Keywords

1 Introduction

Human biometric recognition has been researched extensively in recent years, due to its great reliability and safety. Many occasions in our daily life require biometric recognition to confirm the individual’s identity based on their physiological and behavioral characteristics [1]. As a new biometric technology, palm vein has considerable potential in terms of robustness, uniqueness, and high authentication accuracy. In addition, since the palm veins are only present in the living human body and exist inside the skin, the intruders are difficult to read, copy and forge [2]. Therefore, palm vein recognition has great prospects for human identification.

Nowadays, most traditional methods for palm vein recognition is based on the palm vein skeleton structure. Lajevardi et al. [3] used the Maximum Curvature Algorithm (MCA) to extract the skeleton of veins and performed matching by Biometric Graph Matching (BGM) algorithm. Chen et al. [4] used Gaussian Matched Filter (GMF) to extract the blood vessel and then Iterative Closest Point (ICP) algorithm was exerted on matching. Some other methods also focus on structural features to identify and classify [5,6,7]. In that these methods mentioned above rely too much on manually designed features, the generalization ability and recognition accuracy is not quite good, which means there are still some difficulties in palm vein recognition for practical applications.

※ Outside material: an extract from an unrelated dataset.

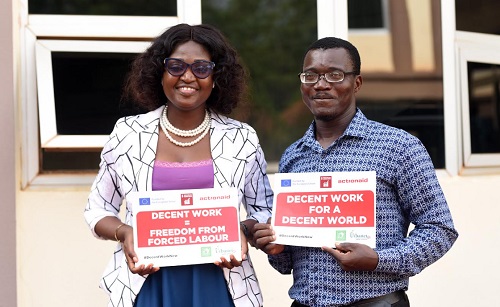 Indecent work depriving vulnerable people of their fundamental rights - ActionAid Ghana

Over the past few years, deep learning, especially Convolutional Neural Network (CNN), attracts more and more researchers’ attention due to its powerful learning ability, parallel processing capacity, and strong capability for feature extraction [8], especially on computer vision and multimedia tasks. Recently, CNN with hashing method becomes much more prominent and has successfully been applied in the field of biometrics such as face and palmprint recognition [9]. While, palm vein with hash coding has not been studied yet. Accordingly, in this paper we propose Deep Hashing Palm vein Network (DHPN) based on previous works, which is an end-to-end neural network for palm vein recognition tasks.

In our work, modified CNN-F architecture is employed on DHPN, which can automatically obtain a 128-bit binary code of each palm vein image to conduct matching and recognition. The framework of the proposed DHPN method is illustrated in Fig. 1. First, resized palm vein images are sent into CNN to extract image features. Then through fully connected networks, a fixed-length palm vein code is obtained by using tanh function and sgn function. In neural network, the loss function is designed to generate similar codes for the image samples of the same person, while the codes of different person vary significantly. In matching part, Hamming distance of fixed-length codes of different pictures is calculated as their similarity. If the distance is smaller than the threshold, we can give a conclusion that these images are from the same person. Our experiment results show that DHPN can reach a remarkable EER of 0.0222% in PolyU database with 128-bit and 50% training test rate. Several comparative experiments are also conducted to discuss the leverage of network structure, code bits, training test ratio and databases. The best performance of DHPN can reach the lowest EER = 0% with 256-bit and 50% training test rate, which is better than the other state-of-art methods.

Fig. 1.
figure 1

The framework of the proposed DHPN method

The contributions of this paper can be summarized as follows.

  1. 1.

    To our best knowledge, we firstly use end-to-end CNN with hashing code method in the palm vein recognition successfully.

  2. 2.

    The proposed DHPN can extract the image features using a fixed-length binary code and the identification result can reach a lower EER than the other state-of-art algorithms.

  3. 3.

    Abundant comparative experiments are conducted in palm vein recognition to validate the comprehensive performance of our DHPN method.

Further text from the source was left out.